12 Manifolds, homeomorphism, and neural networks

This chapter covers

Introduction to manifolds
Introduction to homeomorphism
Role of manifolds and homeomorphism in neural networks

This is a short chapter that briefly introduces (barely scratching the surface of) a topic that could fill an entire mathematics textbook. A rigorous or even comprehensive treatment of manifolds is beyond the scope of this book. Instead, this chapter primarily focuses on geometric intuitions required for deep learning.

12.1 Manifolds

A manifold is a generalization of the notions of curve, surface, and volume into a unified concept that works in arbitrary dimensions. In machine learning, the input space can be viewed as a manifold. Usually, the input manifold is not very conducive to classification. We need to transform (map) that manifold to a different manifold that is friendlier to the classification problem at hand. This is what a neural network does.

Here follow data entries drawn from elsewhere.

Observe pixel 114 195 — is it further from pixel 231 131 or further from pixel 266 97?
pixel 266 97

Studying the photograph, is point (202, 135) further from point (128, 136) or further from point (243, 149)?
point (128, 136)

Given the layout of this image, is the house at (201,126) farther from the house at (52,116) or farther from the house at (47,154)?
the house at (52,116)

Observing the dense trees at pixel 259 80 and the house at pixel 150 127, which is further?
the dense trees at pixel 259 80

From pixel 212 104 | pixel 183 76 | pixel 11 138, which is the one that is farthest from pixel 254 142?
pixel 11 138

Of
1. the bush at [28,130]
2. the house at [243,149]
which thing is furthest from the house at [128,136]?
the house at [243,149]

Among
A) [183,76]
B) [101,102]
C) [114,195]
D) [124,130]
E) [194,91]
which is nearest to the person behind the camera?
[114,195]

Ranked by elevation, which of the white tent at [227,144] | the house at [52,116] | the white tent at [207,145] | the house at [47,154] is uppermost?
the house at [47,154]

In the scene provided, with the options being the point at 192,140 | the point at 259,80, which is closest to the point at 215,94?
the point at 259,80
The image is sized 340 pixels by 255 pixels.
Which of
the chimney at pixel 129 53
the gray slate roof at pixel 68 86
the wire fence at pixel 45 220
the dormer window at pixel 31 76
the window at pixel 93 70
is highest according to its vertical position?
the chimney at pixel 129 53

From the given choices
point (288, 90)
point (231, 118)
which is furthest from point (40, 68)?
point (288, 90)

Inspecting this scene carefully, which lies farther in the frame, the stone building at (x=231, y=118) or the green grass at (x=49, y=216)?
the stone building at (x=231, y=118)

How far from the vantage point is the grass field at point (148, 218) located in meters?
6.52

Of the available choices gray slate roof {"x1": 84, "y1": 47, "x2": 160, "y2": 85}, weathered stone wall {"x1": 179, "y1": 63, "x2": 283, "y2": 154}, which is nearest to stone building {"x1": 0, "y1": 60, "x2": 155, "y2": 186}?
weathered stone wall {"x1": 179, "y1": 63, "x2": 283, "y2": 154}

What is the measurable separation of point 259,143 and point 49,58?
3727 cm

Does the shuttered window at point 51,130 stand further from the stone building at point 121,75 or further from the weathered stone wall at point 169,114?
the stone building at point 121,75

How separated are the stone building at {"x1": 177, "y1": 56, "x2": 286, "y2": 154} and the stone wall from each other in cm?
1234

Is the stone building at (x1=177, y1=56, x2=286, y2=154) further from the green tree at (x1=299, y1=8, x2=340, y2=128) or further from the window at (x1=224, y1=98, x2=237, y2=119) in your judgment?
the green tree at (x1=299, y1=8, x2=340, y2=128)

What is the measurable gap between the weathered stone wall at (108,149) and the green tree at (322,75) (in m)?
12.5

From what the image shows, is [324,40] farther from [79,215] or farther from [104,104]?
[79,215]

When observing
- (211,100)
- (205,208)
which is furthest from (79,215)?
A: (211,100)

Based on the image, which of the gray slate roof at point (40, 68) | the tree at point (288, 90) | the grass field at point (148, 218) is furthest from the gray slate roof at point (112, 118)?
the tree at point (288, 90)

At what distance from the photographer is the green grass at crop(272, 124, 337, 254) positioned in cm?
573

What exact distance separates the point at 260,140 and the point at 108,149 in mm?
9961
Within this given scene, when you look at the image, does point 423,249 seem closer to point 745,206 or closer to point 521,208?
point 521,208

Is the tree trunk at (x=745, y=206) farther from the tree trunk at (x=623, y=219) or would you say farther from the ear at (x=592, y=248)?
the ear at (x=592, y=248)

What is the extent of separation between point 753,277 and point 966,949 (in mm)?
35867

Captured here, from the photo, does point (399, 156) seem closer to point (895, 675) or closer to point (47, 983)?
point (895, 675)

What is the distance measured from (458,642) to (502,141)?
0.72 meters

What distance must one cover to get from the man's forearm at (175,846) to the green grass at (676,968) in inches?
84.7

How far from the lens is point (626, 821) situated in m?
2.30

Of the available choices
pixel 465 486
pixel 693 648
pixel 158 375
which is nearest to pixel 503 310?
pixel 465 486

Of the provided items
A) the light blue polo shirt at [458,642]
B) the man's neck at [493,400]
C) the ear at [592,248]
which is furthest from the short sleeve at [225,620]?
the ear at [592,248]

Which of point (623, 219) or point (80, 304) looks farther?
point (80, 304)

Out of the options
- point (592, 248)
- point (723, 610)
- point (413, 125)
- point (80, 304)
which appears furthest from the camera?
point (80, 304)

In a multilayered neural network, each layer transforms (maps) from one manifold to another. For the classification problem, the end manifold is expected to be one where the classes can be separated by a linear surface (hyperplane). The last layer provides this linear separator. Figure 12.1 provides an example of a transformation to a space where classification is easier.

Figure 12.1 The input points lie on a cylindrical manifold (surface). Here, the two input classes (indicated by + and -, respectively) cannot be separated linearly. If we unroll (map) the cylinder surface into a plane, the two classes can be separated linearly.

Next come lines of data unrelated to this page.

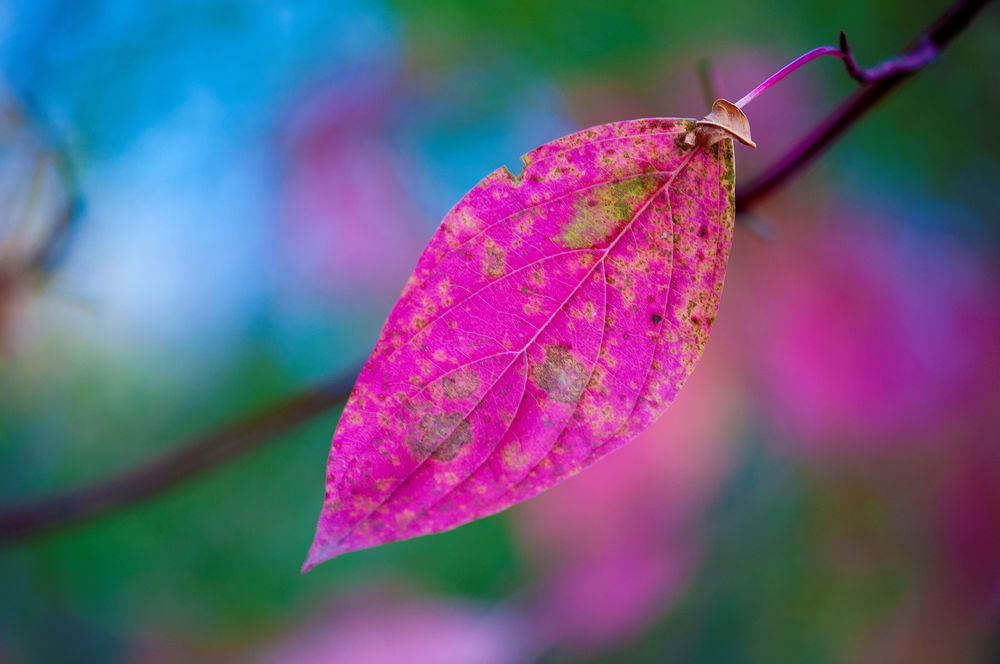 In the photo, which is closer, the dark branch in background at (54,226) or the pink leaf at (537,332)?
the pink leaf at (537,332)

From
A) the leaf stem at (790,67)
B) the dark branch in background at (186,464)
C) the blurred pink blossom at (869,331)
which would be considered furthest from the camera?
the blurred pink blossom at (869,331)

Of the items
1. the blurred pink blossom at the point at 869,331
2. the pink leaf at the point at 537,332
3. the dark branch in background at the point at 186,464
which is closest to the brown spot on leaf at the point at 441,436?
the pink leaf at the point at 537,332

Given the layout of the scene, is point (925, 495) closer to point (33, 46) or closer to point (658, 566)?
point (658, 566)

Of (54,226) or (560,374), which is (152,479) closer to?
(54,226)

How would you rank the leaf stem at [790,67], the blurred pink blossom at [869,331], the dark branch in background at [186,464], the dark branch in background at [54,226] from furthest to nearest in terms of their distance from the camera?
Answer: the blurred pink blossom at [869,331] < the dark branch in background at [54,226] < the dark branch in background at [186,464] < the leaf stem at [790,67]

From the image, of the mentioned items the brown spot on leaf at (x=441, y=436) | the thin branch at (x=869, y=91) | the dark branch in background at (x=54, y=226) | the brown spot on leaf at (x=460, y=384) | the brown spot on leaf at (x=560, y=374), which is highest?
the dark branch in background at (x=54, y=226)

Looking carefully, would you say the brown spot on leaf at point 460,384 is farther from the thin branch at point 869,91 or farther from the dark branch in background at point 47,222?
the dark branch in background at point 47,222

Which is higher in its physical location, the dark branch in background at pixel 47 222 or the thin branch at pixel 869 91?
the dark branch in background at pixel 47 222

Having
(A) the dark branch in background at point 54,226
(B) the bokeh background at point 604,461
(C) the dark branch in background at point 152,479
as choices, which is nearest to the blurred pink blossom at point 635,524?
(B) the bokeh background at point 604,461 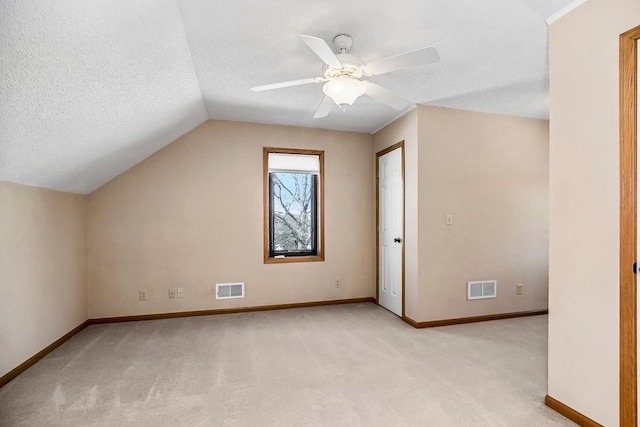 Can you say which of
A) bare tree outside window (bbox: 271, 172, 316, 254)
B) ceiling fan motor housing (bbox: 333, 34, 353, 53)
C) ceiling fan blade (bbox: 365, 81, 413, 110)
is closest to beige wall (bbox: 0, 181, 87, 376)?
bare tree outside window (bbox: 271, 172, 316, 254)

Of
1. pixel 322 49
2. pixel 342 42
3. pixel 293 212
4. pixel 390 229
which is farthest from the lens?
pixel 293 212

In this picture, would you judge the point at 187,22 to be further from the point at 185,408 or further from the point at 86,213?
the point at 86,213

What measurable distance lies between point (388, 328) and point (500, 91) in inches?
103

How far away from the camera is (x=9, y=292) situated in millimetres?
2467

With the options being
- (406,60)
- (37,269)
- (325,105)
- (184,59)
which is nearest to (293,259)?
(325,105)

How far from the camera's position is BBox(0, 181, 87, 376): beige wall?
8.04 feet

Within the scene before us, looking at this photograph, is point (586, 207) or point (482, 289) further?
point (482, 289)

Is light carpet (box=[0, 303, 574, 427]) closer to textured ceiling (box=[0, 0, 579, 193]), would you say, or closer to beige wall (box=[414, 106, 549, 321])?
beige wall (box=[414, 106, 549, 321])

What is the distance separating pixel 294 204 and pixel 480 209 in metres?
2.31

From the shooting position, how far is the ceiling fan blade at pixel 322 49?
166 cm

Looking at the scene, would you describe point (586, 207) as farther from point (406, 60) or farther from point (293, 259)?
point (293, 259)

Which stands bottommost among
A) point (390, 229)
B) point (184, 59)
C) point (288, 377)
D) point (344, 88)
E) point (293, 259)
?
point (288, 377)

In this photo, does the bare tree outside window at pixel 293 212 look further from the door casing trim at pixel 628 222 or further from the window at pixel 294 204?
the door casing trim at pixel 628 222

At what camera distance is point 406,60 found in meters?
1.88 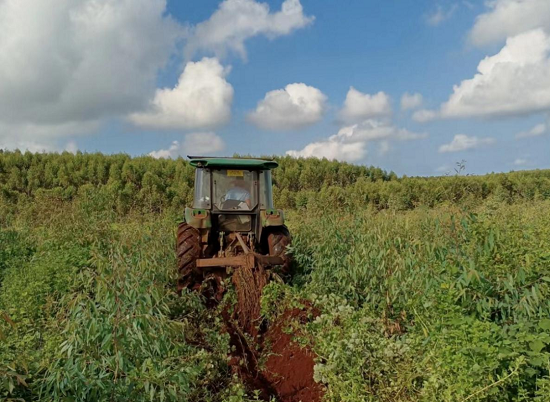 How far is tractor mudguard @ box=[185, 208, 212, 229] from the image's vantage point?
6.85 metres

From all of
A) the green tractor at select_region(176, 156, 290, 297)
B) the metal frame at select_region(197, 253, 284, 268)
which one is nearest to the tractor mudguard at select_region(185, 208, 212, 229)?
the green tractor at select_region(176, 156, 290, 297)

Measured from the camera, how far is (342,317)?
459 cm

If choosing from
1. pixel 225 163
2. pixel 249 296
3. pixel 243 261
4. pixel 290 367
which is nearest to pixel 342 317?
pixel 290 367

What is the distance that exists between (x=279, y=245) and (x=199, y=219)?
1.18 meters

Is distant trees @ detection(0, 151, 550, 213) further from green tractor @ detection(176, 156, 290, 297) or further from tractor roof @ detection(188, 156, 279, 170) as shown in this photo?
tractor roof @ detection(188, 156, 279, 170)

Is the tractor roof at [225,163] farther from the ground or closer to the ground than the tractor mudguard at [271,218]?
farther from the ground

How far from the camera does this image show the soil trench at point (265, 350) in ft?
13.6

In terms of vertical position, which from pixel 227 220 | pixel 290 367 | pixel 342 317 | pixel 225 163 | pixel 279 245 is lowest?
pixel 290 367

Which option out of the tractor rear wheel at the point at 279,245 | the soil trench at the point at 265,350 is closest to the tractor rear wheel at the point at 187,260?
the soil trench at the point at 265,350

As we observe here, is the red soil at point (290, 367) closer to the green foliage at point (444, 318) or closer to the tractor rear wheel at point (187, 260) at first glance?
the green foliage at point (444, 318)

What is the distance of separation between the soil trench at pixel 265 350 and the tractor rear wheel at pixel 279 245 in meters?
0.62

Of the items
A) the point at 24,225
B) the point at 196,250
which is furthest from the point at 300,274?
the point at 24,225

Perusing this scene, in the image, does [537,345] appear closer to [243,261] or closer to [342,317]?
[342,317]

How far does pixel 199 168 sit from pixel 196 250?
1376mm
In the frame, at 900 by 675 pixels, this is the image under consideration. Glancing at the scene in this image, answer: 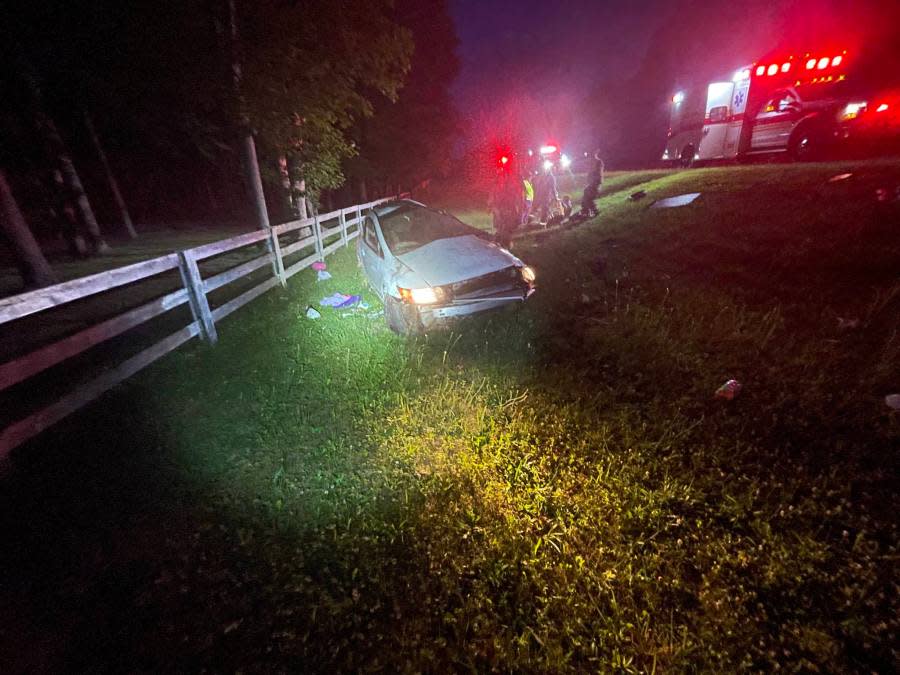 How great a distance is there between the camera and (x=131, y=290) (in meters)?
7.71

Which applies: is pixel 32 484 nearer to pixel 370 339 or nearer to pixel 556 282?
pixel 370 339

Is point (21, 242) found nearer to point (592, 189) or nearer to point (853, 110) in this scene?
point (592, 189)

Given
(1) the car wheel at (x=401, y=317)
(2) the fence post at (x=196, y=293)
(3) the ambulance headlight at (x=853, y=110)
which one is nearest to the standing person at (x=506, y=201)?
(1) the car wheel at (x=401, y=317)

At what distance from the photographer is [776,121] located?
36.1ft

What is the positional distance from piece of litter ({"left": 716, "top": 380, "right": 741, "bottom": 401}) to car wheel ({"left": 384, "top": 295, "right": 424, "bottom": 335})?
312 centimetres

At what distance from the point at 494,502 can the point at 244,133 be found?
1159 cm

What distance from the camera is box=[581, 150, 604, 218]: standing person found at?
1132 centimetres

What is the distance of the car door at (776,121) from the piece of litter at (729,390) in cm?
1225

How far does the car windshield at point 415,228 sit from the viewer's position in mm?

Unlike physical surfaces we see and touch in everyday life, manifolds are not limited to three dimensions. Human imagination may fail in visualizing higher-dimension manifolds, but we can typically use three-dimensional analogies as surrogates—they often work, although not always. A neural network layer or sequence of layers can be viewed as mapping points from one manifold to another.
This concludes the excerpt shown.